1004 Linear recursive sequence

 题意：根据公式求指定某一项

题解分析在这里。

 http://www.cnblogs.com/rootial/p/3920599.html

1007 Permutation

题意：给定n个数(n<=40),以及m种关系即第ai个数必须小于第bi个数，求这样的排列有多少个？

分析：m种关系显然构成一个拓扑图，且各个连通图之间互相独立，因此单个考虑每个连通图的可能性，比如一个连通图中有k个点，

从n个数中任选k个数，然后求这个图中能有多少个安排方案满足拓扑关系。

研究标程，具体实现是，通过并查集找出连通关系，（话说一直没这么用过，还想着去dfs求，弱菜），然后重新编号，通过cover[i] 表示从点i出发的能到达的点，先用于i有直接变得点初始化，然后floyd求连通性。

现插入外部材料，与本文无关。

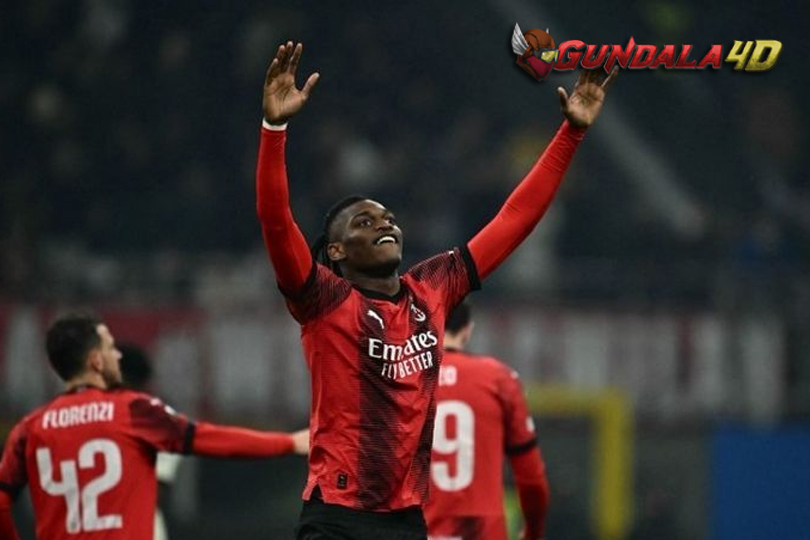 Rafael Leao berterima kasih kepada rekan setimnya di AC Milan, Theo Hernandez, setelah berhasil mencetak gol ke gawang Rennes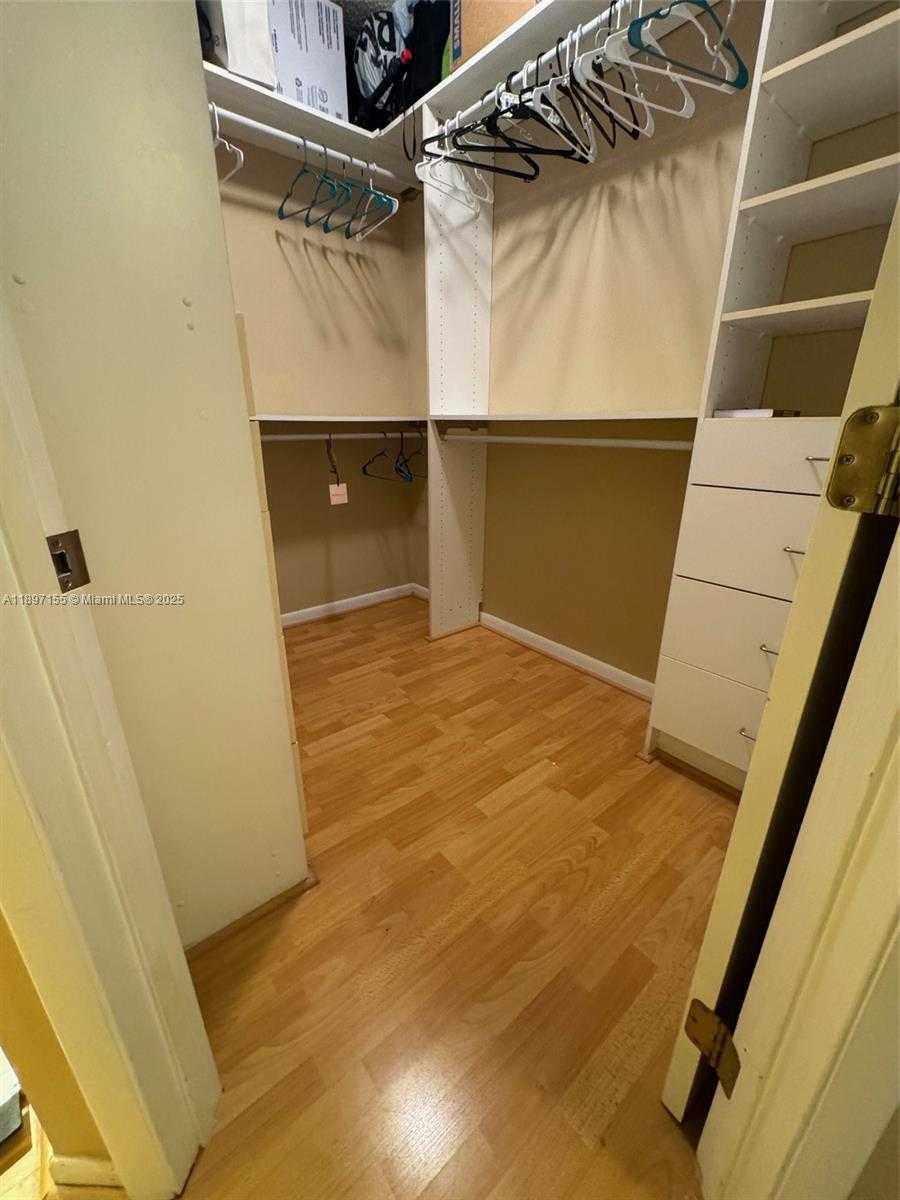 Small Image of 520 BRICKELL KEY DR #A605, Miami Number 10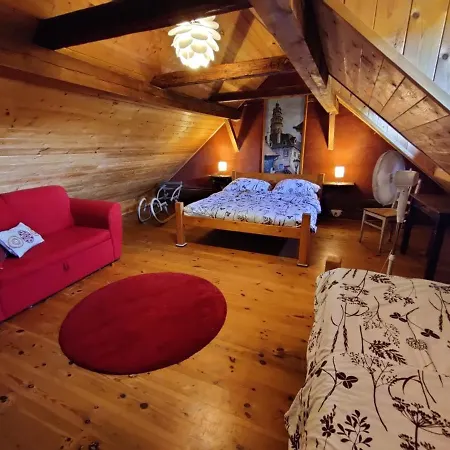 Krumlov House Casa de hóspedes 3*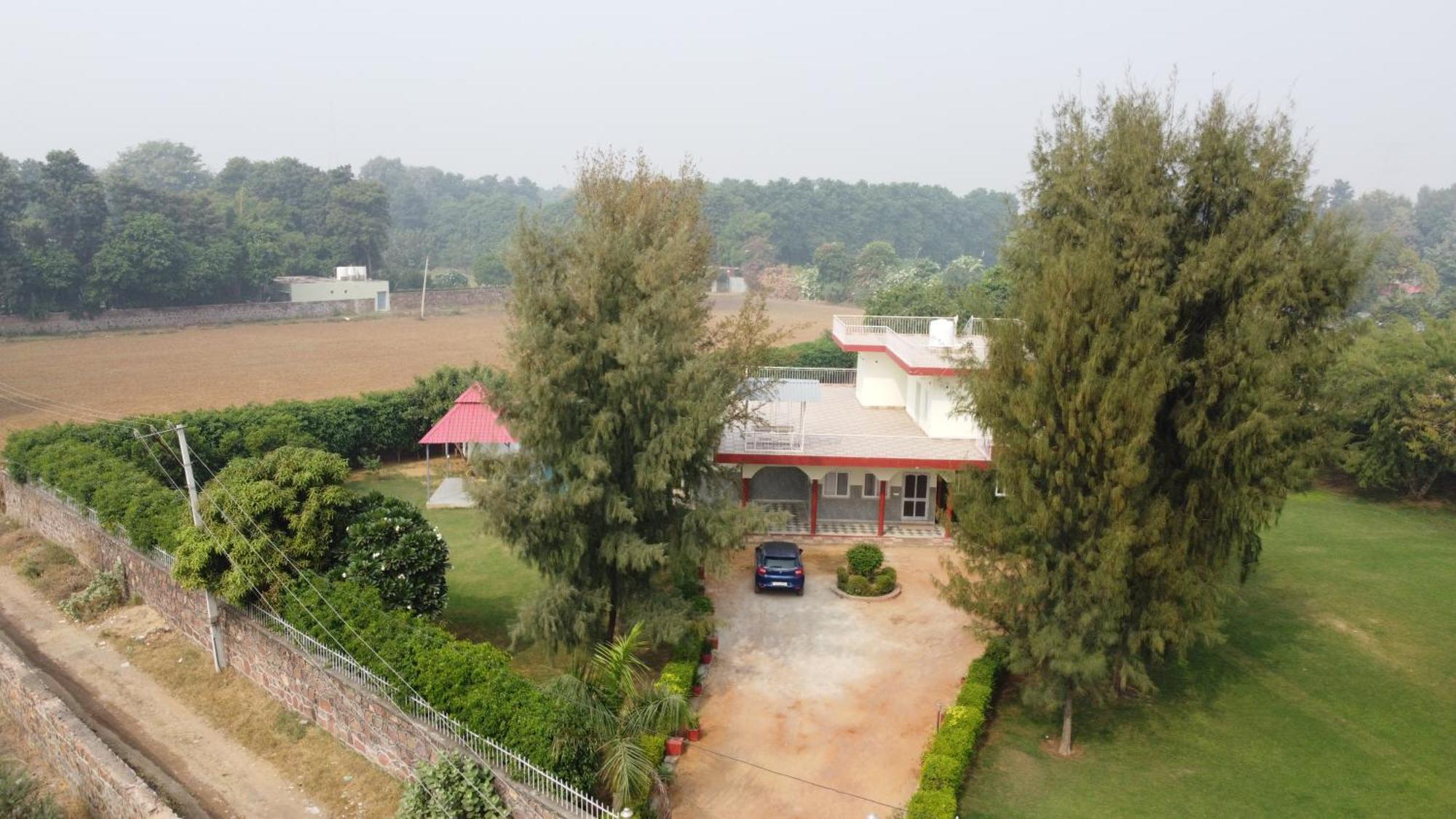 Alaya Stays 4Bhk Farmhouse With Pvt Pool & Garden - Manesar Gurgaon Dış mekan fotoğraf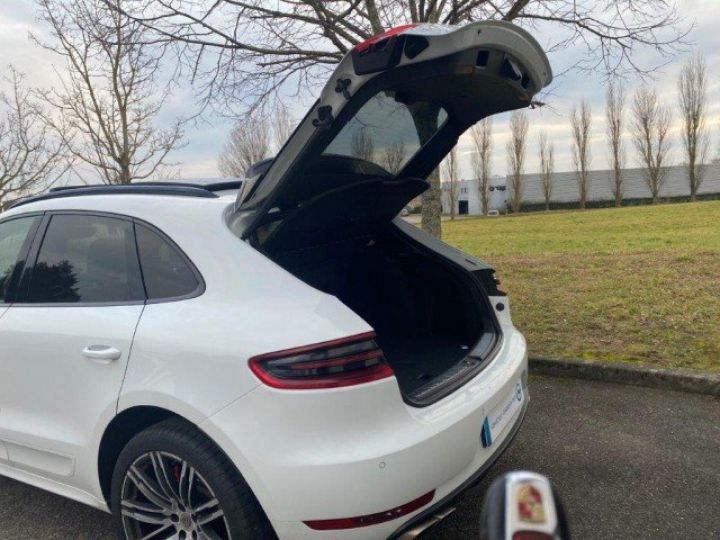 Porsche Macan TURBO 3,6 V6 400CV PDK     Essence BLANC - 36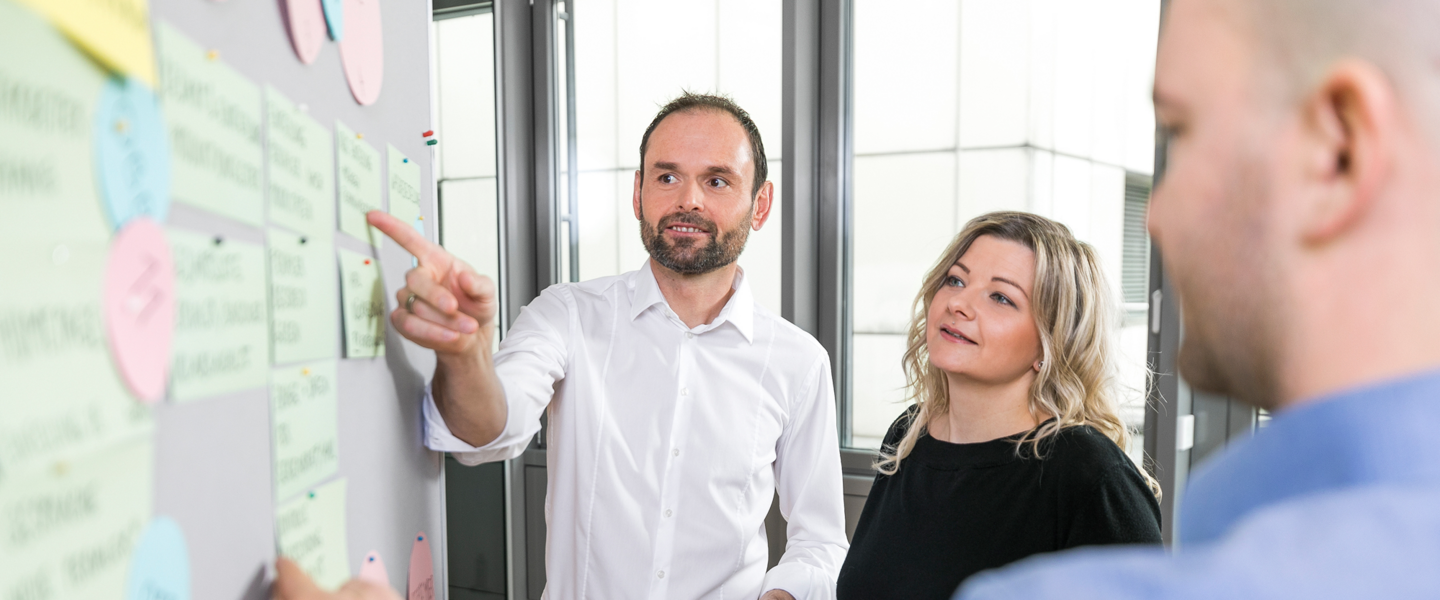 Headerbild_BerufsbegleitendesStudium_2018_1440x600 Headerbild_BerufsbegleitendesStudium_2018_1440x600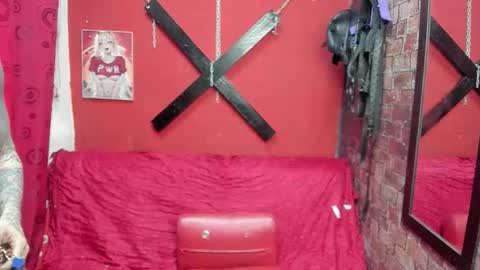 Snapshot of adonisgel999 chatting on 01/31/26, 08:07 demon online show from 01/31/26, 08:07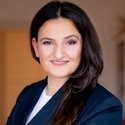 Portraitfoto: Sanela Smailhodzic-Cviko, Vertriebsleiterin, Deutsche Bank Immobilien GmbH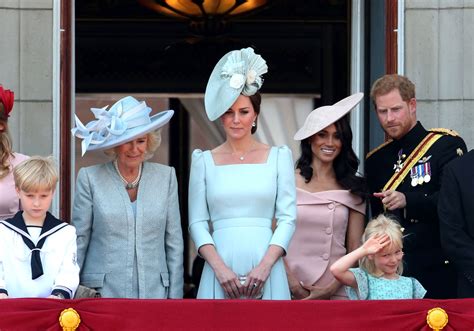 See The Moment Meghan And Kate Perfectly Curtsy To The Queen On The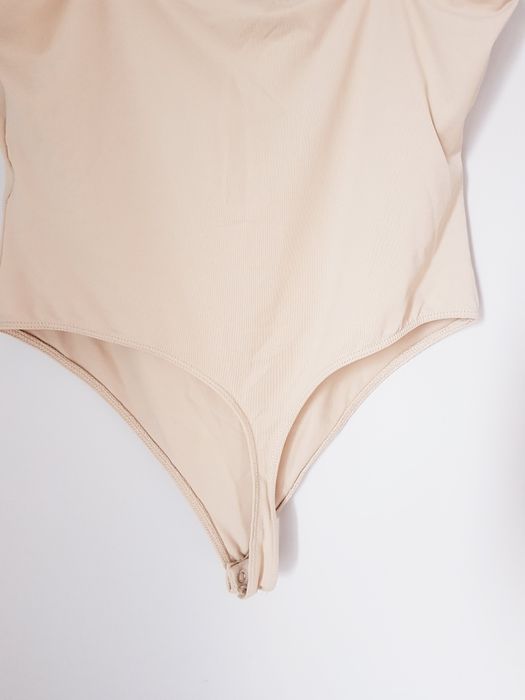 Nowe z metkami beżowe body na ramiączka Bershka XL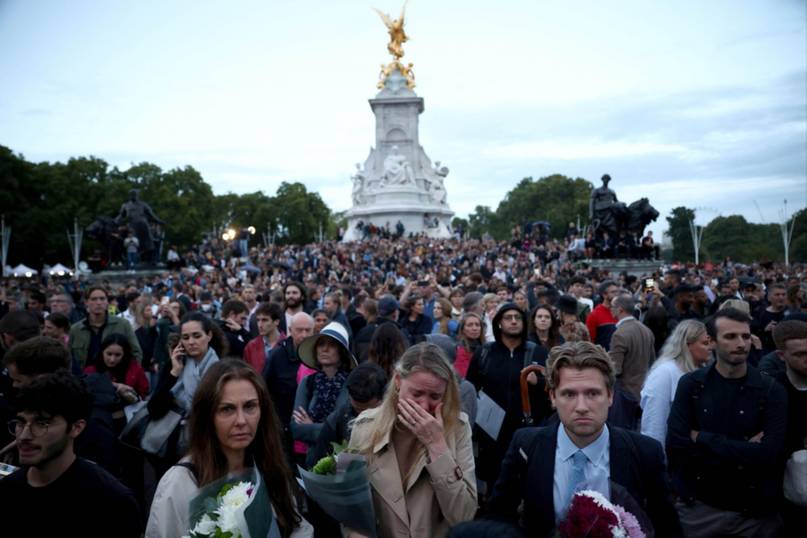 Miles de personas despiden a Isabel II cantando "Dios salve a la Reina"  bajo la lluvia - La Nueva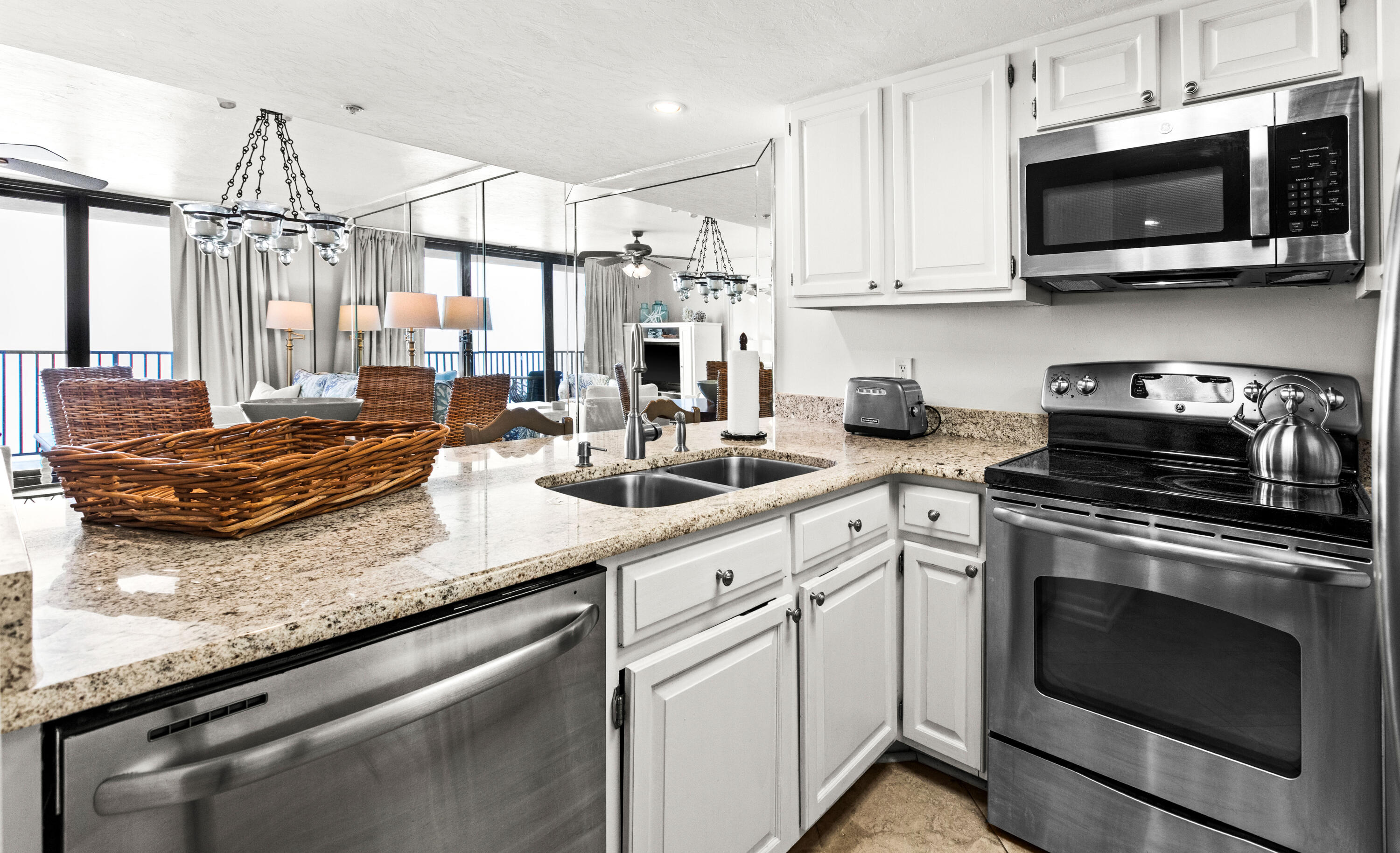 ONE SEAGROVE PLACE CONDOMINIUM - Residential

具体dp时，转移时这样的，dp[st|1<<i] += dp[st], st 满足(st&1<<i) == 0 && (st&cover[i]) == cover[i].

代码：

1009 Exclusive or

题意 :求f(n) = Sum{i^(n-i)| 1<=i <= n-1}.

分析：

此题关键在于对奇数和偶数分开求递推公式。

若n为偶数，设n = 2*k, 1<=i <= 2*k-1,分别考虑i为奇数和i为偶数时的值。

f(n) = i为奇数时+i为偶数 = sum{(2*i-1)^(n-(2*i-1))| 1<= i <= k} + sum{(2*i)^(n-2*i)| 1 <= i <= k-1}

      = sum{(2*i-1)^(2*k-2*i+1)|1<=i <=k} + sum{(2*i)^(2*(k-i))| 1 <= i <= k-1}

　　= sum{(2*(i-1))^(2*(k-i))|1<= i <= k} +  2*sum{i^(k-i)| 1 <= i <= k-1}

　　= 2*sum{(i-1)^(k-i)|1<= i <= k} + 2*f(k)

　　= 2*sum{(i-1)^(k-1-(i-1)) | 1 <= i <= k} + 2*f(k)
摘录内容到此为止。